- Task instructions -
The answer must be only the lines below from the one holding "That happened as" down to the one holding "With the 8 quart, you", ends included, printed exactly; please omit all pictures.

- Record excerpts -
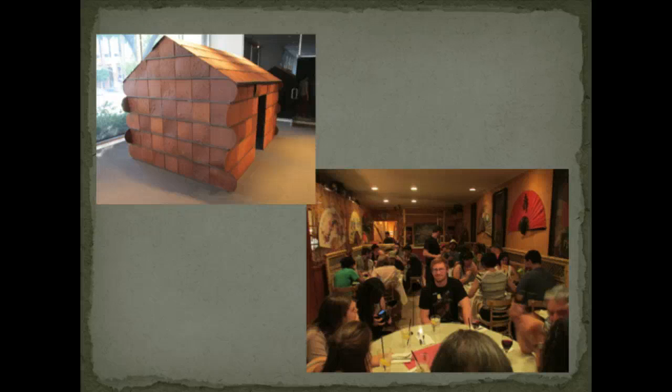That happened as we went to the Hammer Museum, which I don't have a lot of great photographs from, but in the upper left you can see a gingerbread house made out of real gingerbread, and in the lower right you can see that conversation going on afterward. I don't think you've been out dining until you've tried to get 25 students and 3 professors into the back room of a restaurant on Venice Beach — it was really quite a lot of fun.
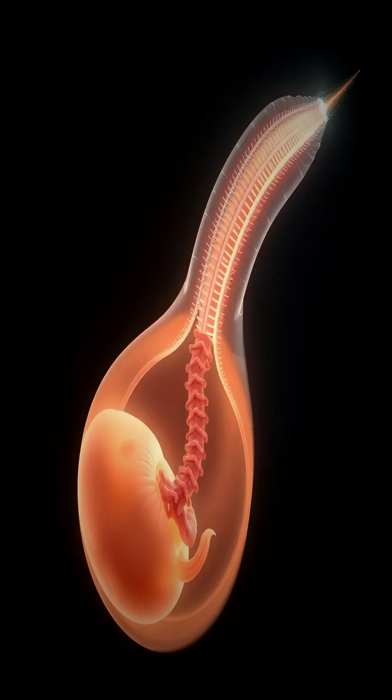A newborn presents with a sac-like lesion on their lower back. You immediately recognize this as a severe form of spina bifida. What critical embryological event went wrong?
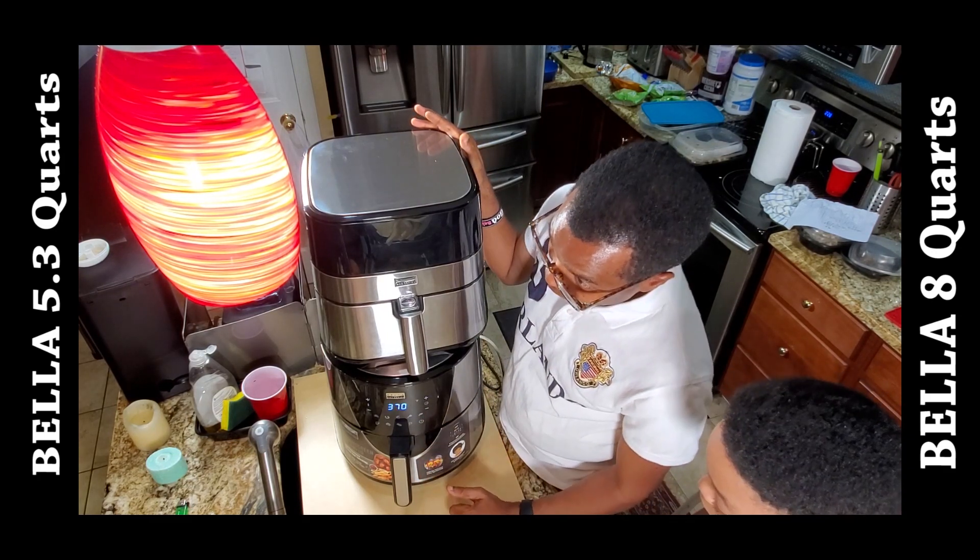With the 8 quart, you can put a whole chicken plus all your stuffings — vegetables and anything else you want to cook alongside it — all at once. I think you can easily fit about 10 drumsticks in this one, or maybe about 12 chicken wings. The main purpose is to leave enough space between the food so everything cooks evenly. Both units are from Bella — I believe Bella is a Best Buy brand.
==
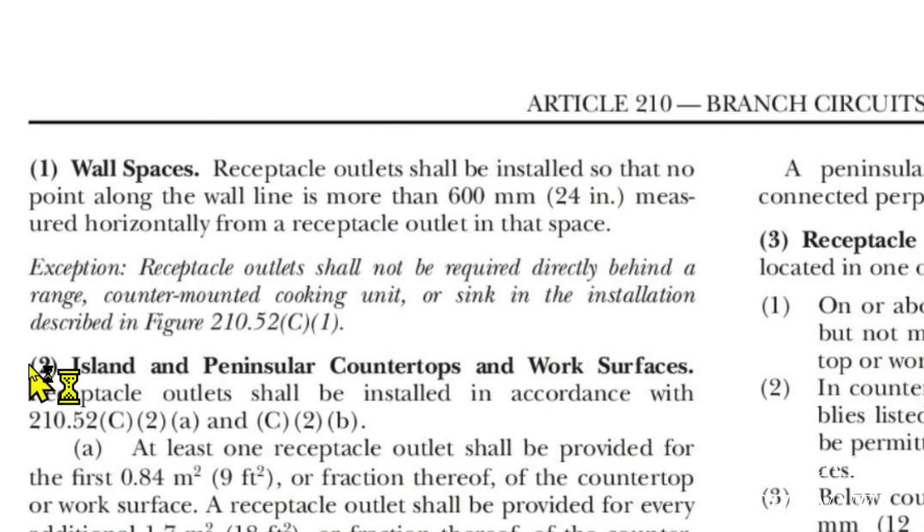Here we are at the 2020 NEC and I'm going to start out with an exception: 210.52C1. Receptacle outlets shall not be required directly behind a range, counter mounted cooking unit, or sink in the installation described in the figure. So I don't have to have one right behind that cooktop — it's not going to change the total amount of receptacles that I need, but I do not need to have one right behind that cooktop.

- Response below -
That happened as we went to the Hammer Museum, which I don't have a lot of great photographs from, but in the upper left you can see a gingerbread house made out of real gingerbread, and in the lower right you can see that conversation going on afterward. I don't think you've been out dining until you've tried to get 25 students and 3 professors into the back room of a restaurant on Venice Beach — it was really quite a lot of fun.
A newborn presents with a sac-like lesion on their lower back. You immediately recognize this as a severe form of spina bifida. What critical embryological event went wrong?
With the 8 quart, you can put a whole chicken plus all your stuffings — vegetables and anything else you want to cook alongside it — all at once. I think you can easily fit about 10 drumsticks in this one, or maybe about 12 chicken wings. The main purpose is to leave enough space between the food so everything cooks evenly. Both units are from Bella — I believe Bella is a Best Buy brand.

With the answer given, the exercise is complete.